Re: [PATCH RFC gmem v1 4/8] KVM: x86: Add gmem hook for invalidating memory

Sean Christopherson <seanjc@xxxxxxxxxx> · Fri, 9 Feb 2024 06:28:04 -0800

On Fri, Feb 09, 2024, Steven Price wrote:
> On 16/10/2023 12:50, Michael Roth wrote:
> > In some cases, like with SEV-SNP, guest memory needs to be updated in a
> > platform-specific manner before it can be safely freed back to the host.
> > Wire up arch-defined hooks to the .free_folio kvm_gmem_aops callback to
> > allow for special handling of this sort when freeing memory in response
> > to FALLOC_FL_PUNCH_HOLE operations and when releasing the inode, and go
> > ahead and define an arch-specific hook for x86 since it will be needed
> > for handling memory used for SEV-SNP guests.
> 
> Hi all,
> 
> Arm CCA has a similar need to prepare/unprepare memory (granule
> delegate/undelegate using our terminology) before it is used for
> protected memory.
> 
> However I see a problem with the current gmem implementation that the
> "invalidations" are not precise enough for our RMI API. When punching a
> hole in the memfd the code currently hits the same path (ending in
> kvm_unmap_gfn_range()) as if a VMA is modified in the same range (for
> the shared version).
>
> The Arm CCA architecture doesn't allow the protected memory to be removed and
> refaulted without the permission of the guest (the memory contents would be
> wiped in this case).

TDX behaves almost exactly like CCA.  Well, that's not technically true, strictly
speaking, as there are TDX APIs that do allow for *temporarily* marking mappings
!PRESENT, but those aren't in play for invalidation events like this.

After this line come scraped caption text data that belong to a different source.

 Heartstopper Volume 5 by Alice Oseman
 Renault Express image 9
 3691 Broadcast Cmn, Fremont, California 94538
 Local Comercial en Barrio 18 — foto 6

SNP does allow zapping page table mappings, but fully removing a page, as PUNCH_HOLE
would do, is destructive, so SNP also behaves the same way for all intents and
purposes.

> One option that I've considered is to implement a seperate CCA ioctl to
> notify KVM whether the memory should be mapped protected.

That's what KVM_SET_MEMORY_ATTRIBUTES+KVM_MEMORY_ATTRIBUTE_PRIVATE is for, no?

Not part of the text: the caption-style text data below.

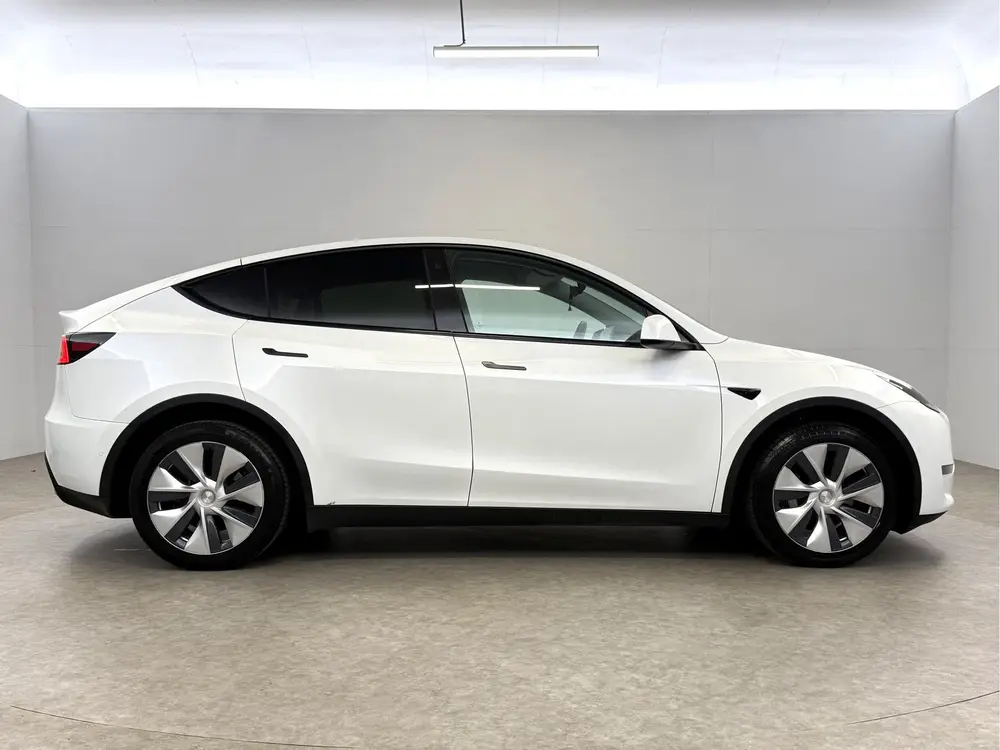 Tesla Model Y Long Range AWD 75 kWh uit 2021, foto 10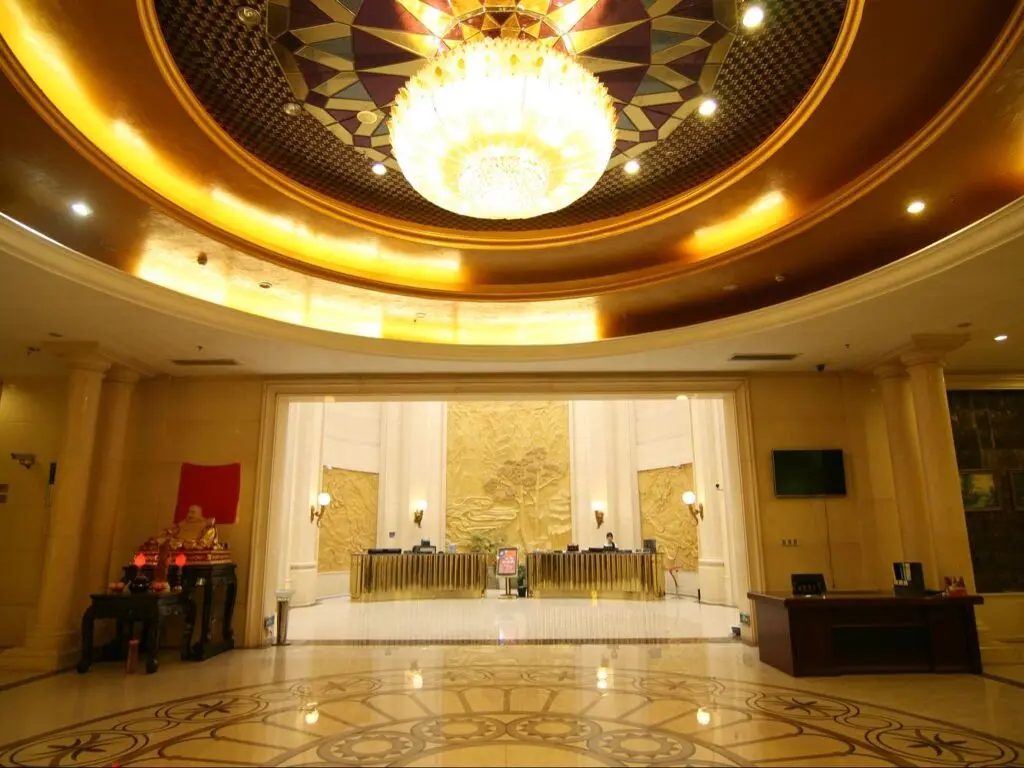 Шанхай: Gloria Plaza Hotel Hangtou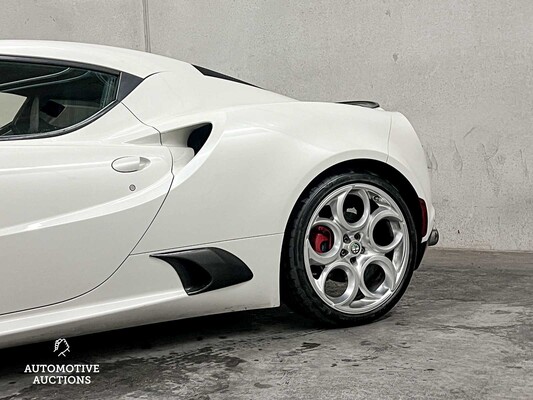 Alfa Romeo 4C Coupe 237pk 2015 (Launch Limited Edition 181/500)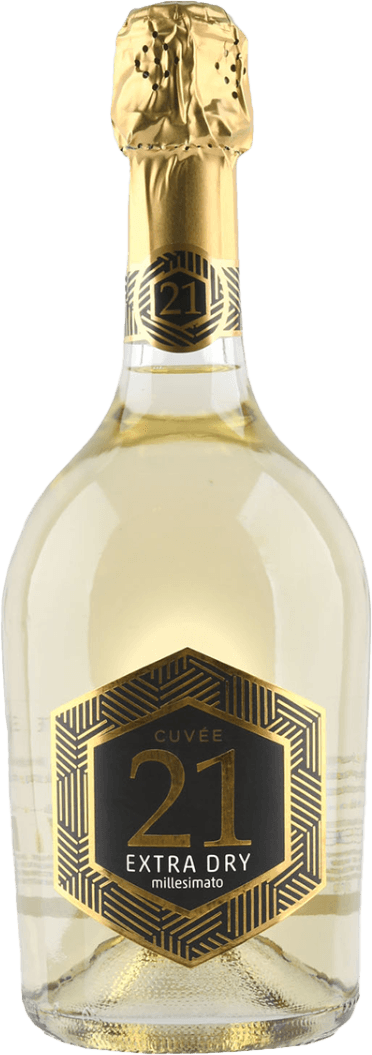 Het label van deze wijnfles is modern en strak vormgegeven. Het heeft een zeshoekige (hexagon) vorm met een zwart vlak in het midden, omrand door een geometrisch patroon in goud. In het midden staat het cijfer '21' prominent afgebeeld, met daarboven het kleine woord 'Cuvée' en daaronder 'Extra Dry millesimato'. Het label oogt luxe door het gebruik van goud en zwart en heeft een duidelijke, minimalistische stijl zonder afbeeldingen van dieren, bloemen of andere illustraties.
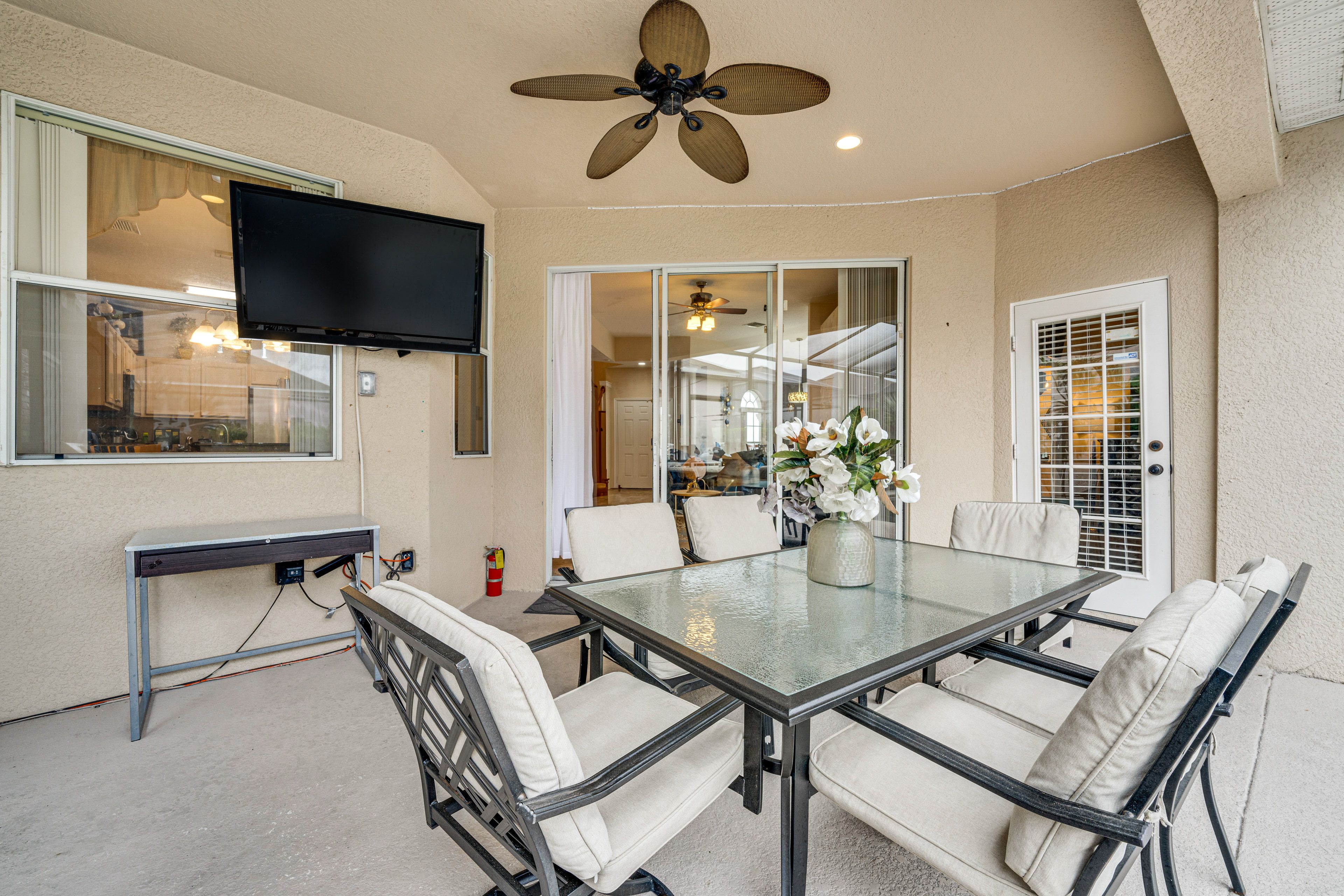 Covered Patio | Outdoor Dining Area | Flat-Screen TV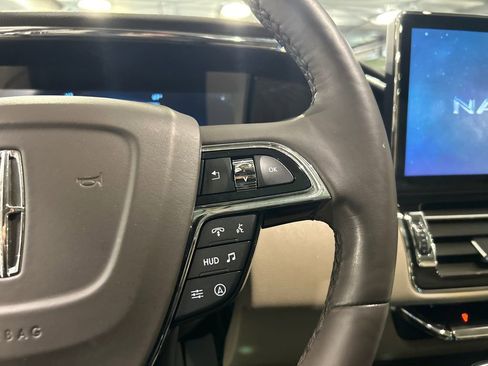 Certified 2022 Lincoln Navigator L Reserve AWD/4WD image 13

> The invalidations would then be ignored on ranges that are currently
> protected for this guest.

That's backwards.  Invalidations on a guest_memfd should affect only *protected*
mappings.  And for that, the plan/proposal is to plumb only_{shared,private} flags
into "struct kvm_gfn_range"[1] so that guest_memfd invalidations don't zap shared
mappings, and mmu_notifier invalidation don't zap private mappings.  Sample usage
in the TDX context[2] (disclaimer, I'm pretty sure I didn't write most of that
patch despite, I only provided a rough sketch).

[1] https://lore.kernel.org/all/20231027182217.3615211-13-seanjc@xxxxxxxxxx
[2] https://lore.kernel.org/all/0b308fb6dd52bafe7153086c7f54bfad03da74b1.1705965635.git.isaku.yamahata@xxxxxxxxx

> This 'solves' the problem nicely except for the case where the VMM
> deliberately punches holes in memory which the guest is using.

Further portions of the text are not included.